Trick your friends into watching BlackkKlansman. It's the right thing to do
BlackkKlansman trades in stereotypes. As it follows police officer Ron Stallworth going undercover to infiltrate a Black Power group, it also sees him falling in love with the feisty radical leading it, just as predictably as if his name was Ryan Gosling. Yeah, it started out as a job, but then I fell for you! It's not the only trope. Racist, toxic masculine American abuse from older cops, the inevitable comeuppance for the worst of them and redemption for the casual bullies.
The tropes keep coming, thick and fast enough to keep a mainstream, unwoke audience munching on its popcorn while the message of the movie slips sneakily up their coke-straws and into the bloodstream. That's why you need to get your friends to watch the film. Lure them in with the fun parts. Let the movie do the rest.
Stallworth, his department's first black cop, isn't primarily interested in the Black Power movement. Almost by accident, he infiltrates the local chapter of the Ku Klux Klan. Cue the laughs – and there are many of them – but Blazing Saddles this ain't. The stereotypes BlackkKlansman plays with are not the classics of lazy (even liberal) racism. No whiteface for Lee.
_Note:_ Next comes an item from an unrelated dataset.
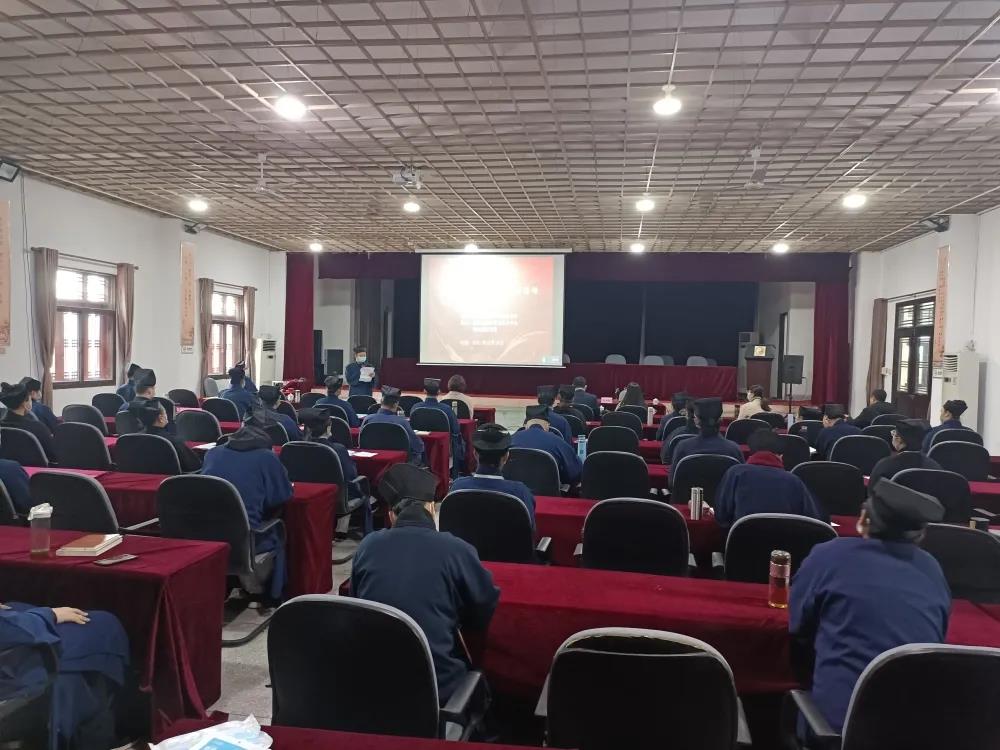 福建省民族宗教厅“四史”进宗教院校宣讲活动在海峡道教学院举行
Not a single comedy-violent elderly black woman and a striking absence of "Sheeeeeit!" It would be easy for a film like this, even with its ideological ambitions, to become part of the problem in trying to get people to address it. Praise God Spike Lee made it. It may reference the blaxploitation films of its era, but it never falls into their traps.
Instead, tropes are used and tropes are destroyed. The longsuffering Klan wife, with her patriarchally thwarted intelligence and apple pie sweetness is not a hero, because not all oppressed people are good. The black couple at the heart of the film's romantic storyline do not agree on politics, because black society is every bit as diverse as white society. Stallworth's captain is not universally racist and unreasonable, but neither is he interested in challenging the status quo. Because that's what racism is. Banal. Lazy. As invisible, most of the time, as it is violent and oppressive.
And there is violence aplenty in the film. More alluded to than fetishized for our enjoyment. This is not, despite the clever marketing, first and foremost a comedy. Harry Belafonte, as an elder statesman of the Black Consciousness movement, simply speaks about an horrific incident and the old rule of 'show, don't tell' is burned to the ground. Moments of tension are tightened as expertly as in any of the great deep cover actioners, and while there is enough resolution to satisfy, a late gut-punch leaves one with a desire to do something rather than a sense that all is well.
BlackkKlansman should be a blockbuster. Big names, a buddy-cop dynamic and big laughs in a film that feels sadly contemporary despite its 70s setting should have guaranteed this. But it is, ultimately serious. Good. So don't tell your friends that.
Tell them it looks fun. Lead with the central idea of a black man undercover in the Klan. And take them to the cinema – even if you have to travel quite a bit to find one showing it.If you're white, it's worth watching while there are black people in the room. That aspect will help you realise your privilege a little more, notice when you're laughing and some other people aren't.
BlackkKlansman is the good fruit of the Black Lives Matter movement, a cleverly pitched way in for those who don't love being hectored and whose hearts are open to repentance and to action. As Christians we should watch it, yes. But we should take some people with us on the journey.
Jonathan Langley is a freelance writer and works for a Christian mission and development agency.